Other under-the-hood changes to a DataObject would be:
- Before Modification Snapshot: Each DataObject will have a "pristine"
copy of itself that is maintained until a transaction is complete. This helps
us in dealing with concurrancy as per one of our goals. The conflict manager
can look at this and decide what has been modified. The pristine field value
copies would be constructied lazily, to save on memory.
- Date Last Updated: If you're working with multiple machines that
are time synchronized, this is a quick and CPU efficient way of determining
which modification came first. Again dealing with concurrant update support.
- Last Modified By: This will contain the user credentials of the
person to update a particular object. This allows the system to figure out
who to notify if there's a person's modifications conflict with another concurrant
update.
- Aggregated Concrete Classes for transactional behavior. Somewhere
along the line, we often need to be able to get to low level stuff. This reduces
system portability, but it also is often necessary for performance of particular
features that the "lowest common denominator" approach to data source
systems is insufficient. Each data object knows which underlying datasource
it came from, and the programmer can get to that datasource and downcast to
the appropropriate classes. This is much in the same way as Servlet vs HttpServlet
and Controller, vs. Servlet Controller. These classes will still provide hooks
into the rest of the system, so any special updates are still sent to the
cache, etc.
- Update Priority The programmer of the system should be given the
opportunity to define what priority this object should have if it is updated.

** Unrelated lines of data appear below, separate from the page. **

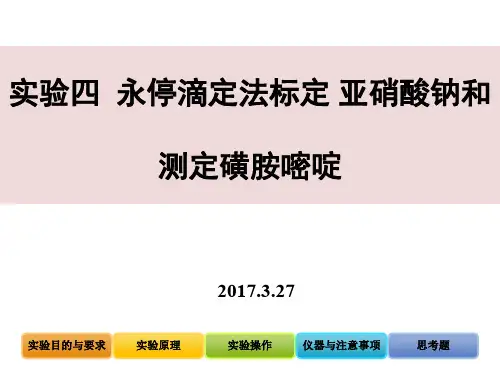 永停滴定法标定亚硝酸钠和测定磺胺嘧啶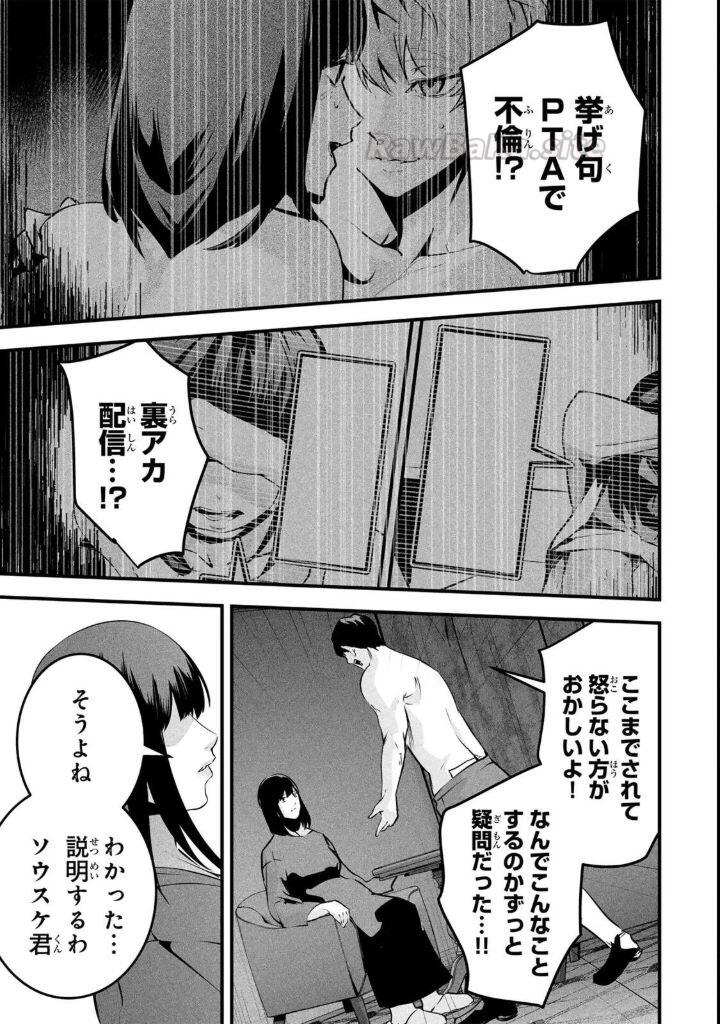 8 ページ目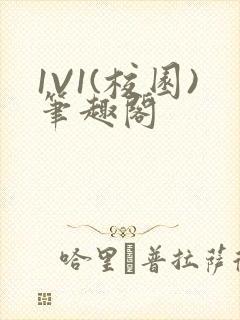 1V1(校园)笔趣阁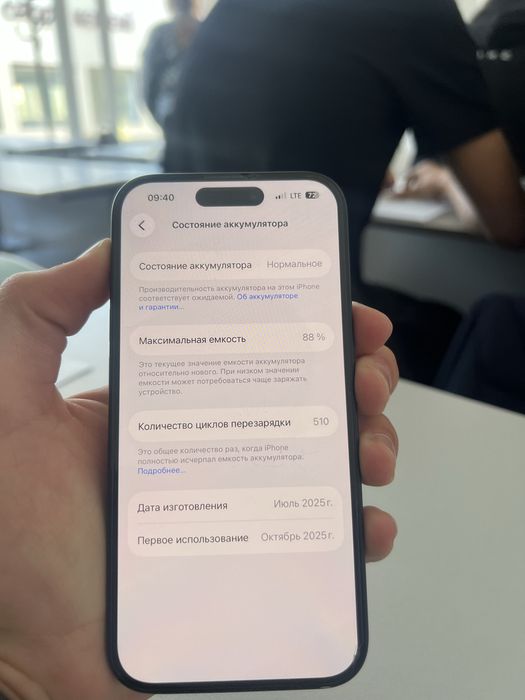 Iphone 15 128гб обмен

For example, security updates probably have a greater priority to propagate
throughout an enterprise and get written to a database, vs. say, "Updated
Workforce Slogan of the Week".
- Routing Information If multiple middle tiers are used then the system
should have a quick way of figuring out which Middleware and which Transaction
layer to route to when doing an update. Needless to say, this information
would be null if we were dealing with only a single server. Again, we won't
waste memory if we don't need it for a particular configuration.

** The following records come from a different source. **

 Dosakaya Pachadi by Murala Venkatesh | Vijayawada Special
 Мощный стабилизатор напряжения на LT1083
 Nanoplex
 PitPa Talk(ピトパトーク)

Of course, as we all think about the problem domain more, we'll come up
with other modifications that need to happen:
Cache
The cache layer will underlie the data object layers. Some of the details
of the Cache will be:
- Make the Cache compliant with the JCache standard being drafted. This is
already based upon a working Object Cache module that Oracle is providing
for it's developers.
- The Cache Module will have both memory and disk based caches. The sizes
for these will be configurable to tune system performance. The increased size
will GREATLY improve data access performance since the number of round-trips
to the database will be significantly reduced.

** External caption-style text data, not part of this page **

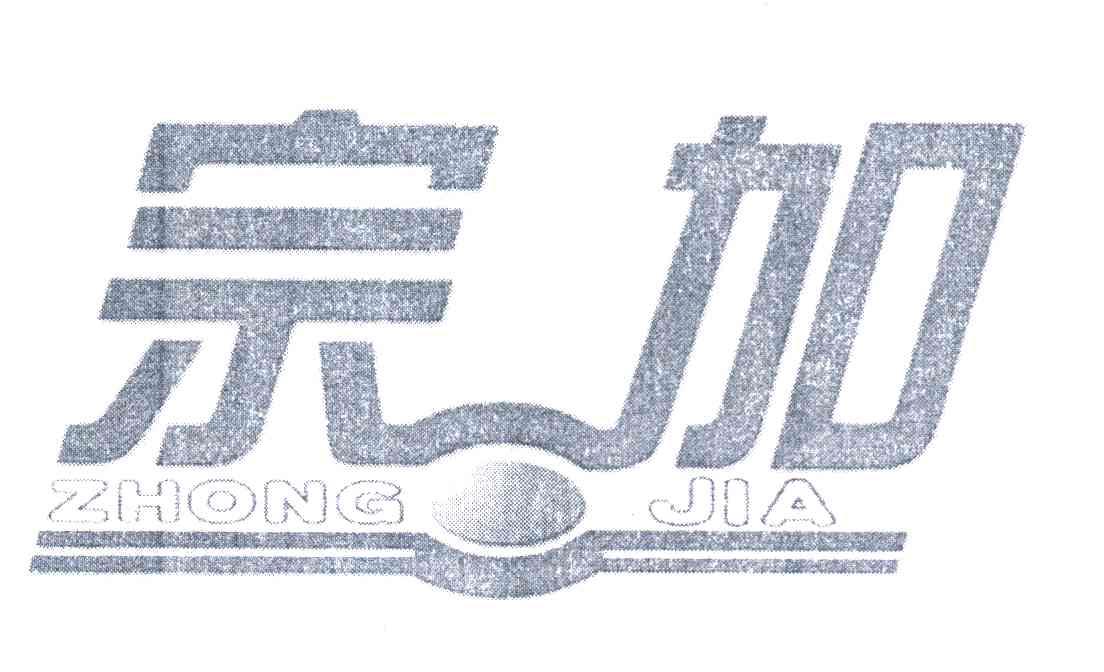宗加 ZHONG JIA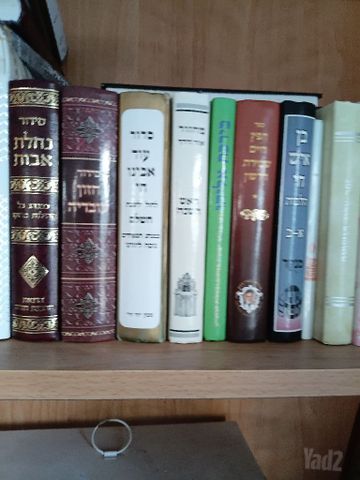 ספרי קודש
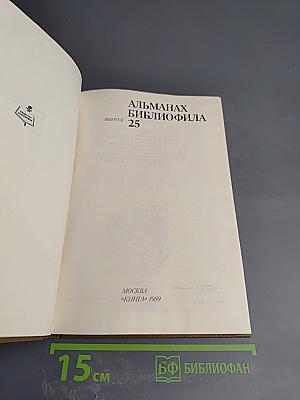 Альманах библиофила. Выпуск 25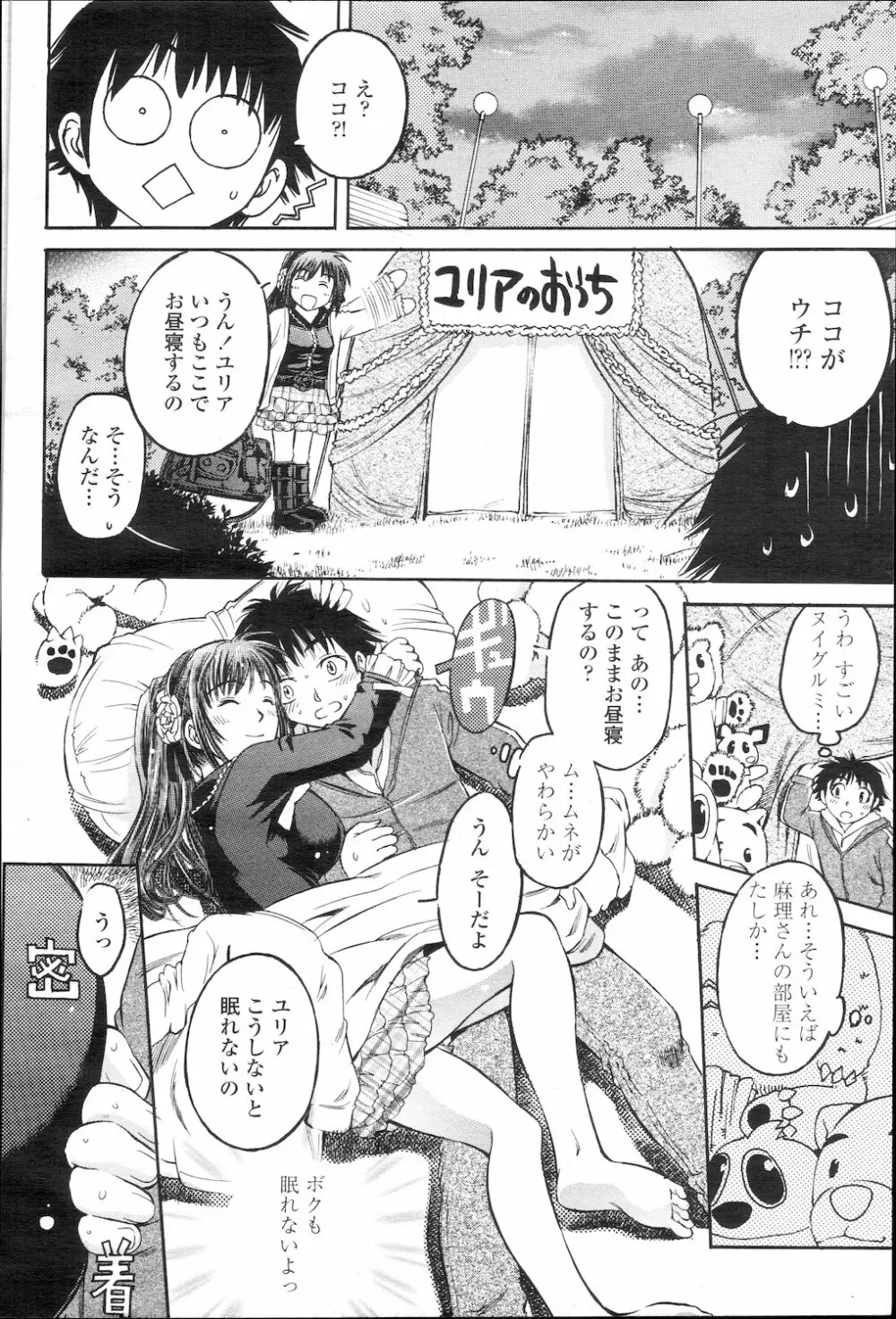COMIC 桃姫 2010年1月号 Page.333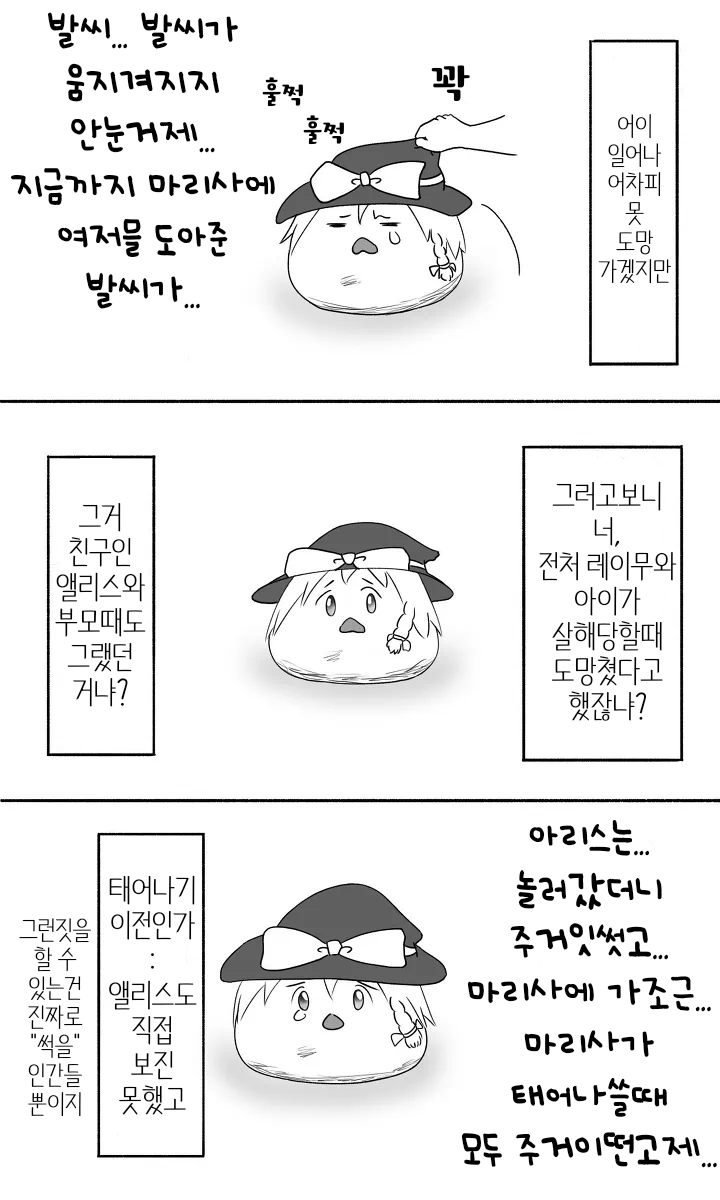 무제372.png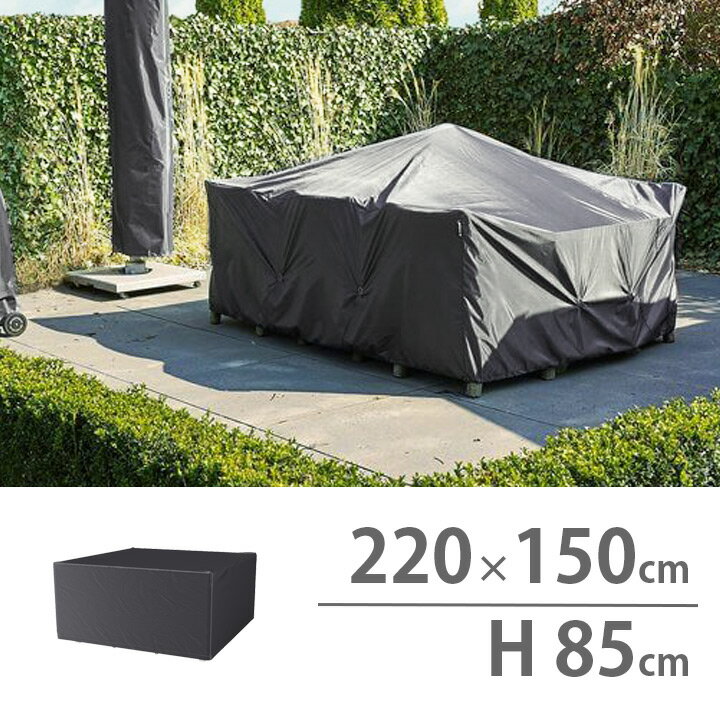 屋外 防水 家具カバー 高機能 「220x150x85cm ガーデンファニチャーセットカバー AeroCover（エアロカバー） #7968」【沖縄・離島は送料要見積り】 アントラサイト 防雨カバー 防汚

- The Cache Module is ACTIVE. This means that whenever it retrieves a copy
of a DataObject from the lower layers, the lower layers now know that this
Cache is interested in this data object. If another system updates the same
dataobject, the cache receives the updated copy as well. When an object leaves
the Cache, the Cache system notifies the lower layers that it is "unsubscribing"
so to speak, and the lower layers will no longer notify this cache with updates.
This immediatly allows for multiple webservers with a data middle tier, but
with the added advantage that data is still cached at each webserver.
- The Cache Module checks for potential concurrancy problems before passing
updates to the lower tier and sends the offending records to the ConflictManager
for resolution.
The absolute biggest difference will be the following:
Messenging Middleware
This "layer" is responsible for queueing up requests to the back
end database, as well as routing dataobject updates to other Middleware's
if other ones are responsible for this particular data object. (See the
routing information described in the Data Object layer). Priority Queues
and multiple threads will be used for:
- Dispatching updates to the appropriate Caches and other middleware servers.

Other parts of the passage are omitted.